* _WHAT THIS TASK INVOLVES_: Leaving the pictures aside, return the listing exactly as it appears.
*** DATA BELOW ***
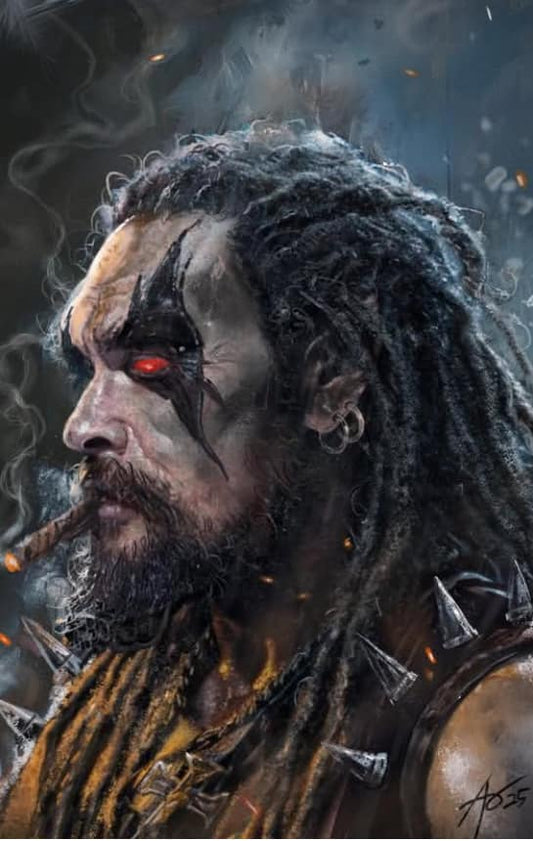 Warrior Portrait With Fire Effects Print Poster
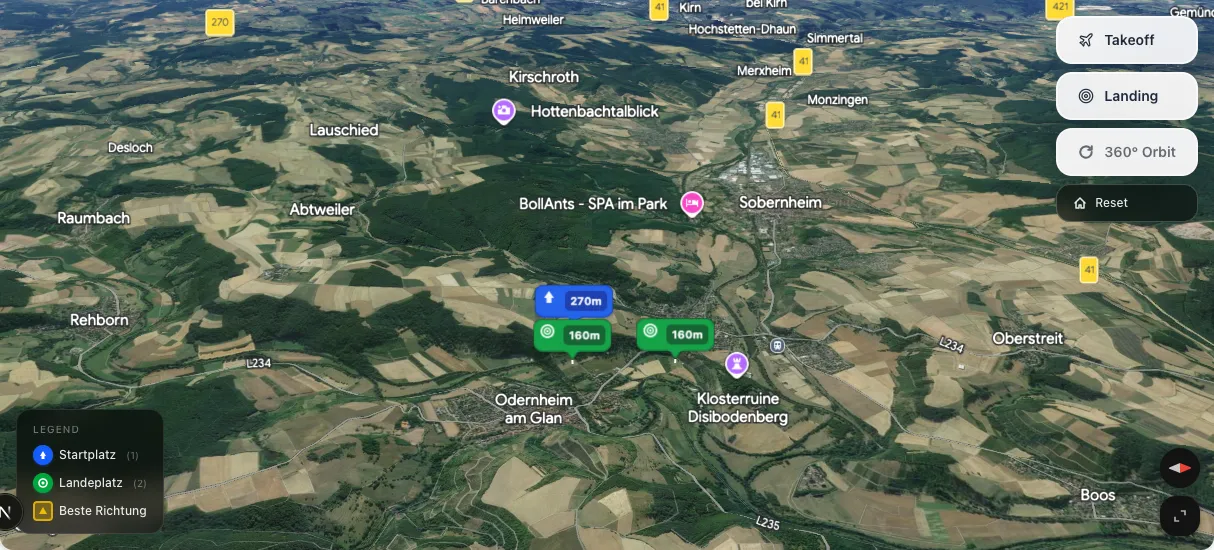 3D terrain map preview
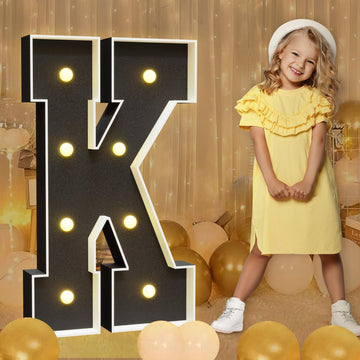Imprsv Marquee Letters Black 3Ft: Black Party Decor - Light Up Letter K Large 3 Feet Tall - Party Decorations Letter For Birthda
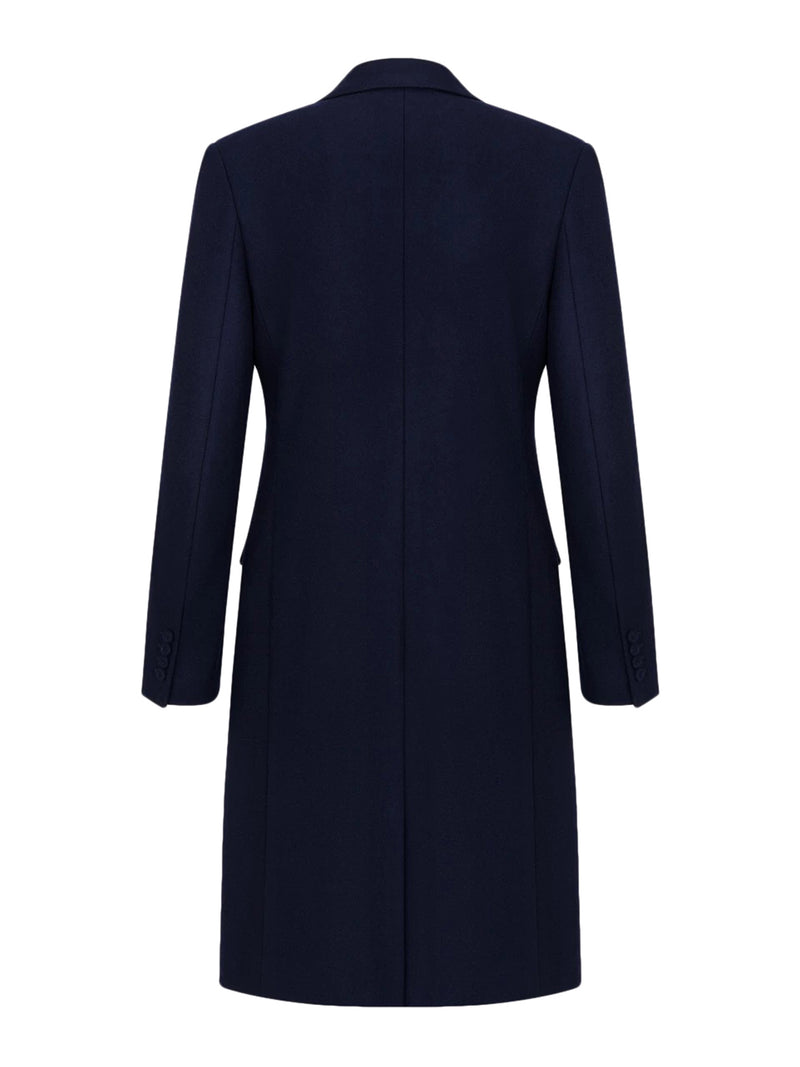 LONG COAT WITH BUTTONED BAND IN VIRGIN WOOL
*** End of DATA BELOW ***
* _RESPONSE_:
 Warrior Portrait With Fire Effects Print Poster
 3D terrain map preview
Imprsv Marquee Letters Black 3Ft: Black Party Decor - Light Up Letter K Large 3 Feet Tall - Party Decorations Letter For Birthda
 LONG COAT WITH BUTTONED BAND IN VIRGIN WOOL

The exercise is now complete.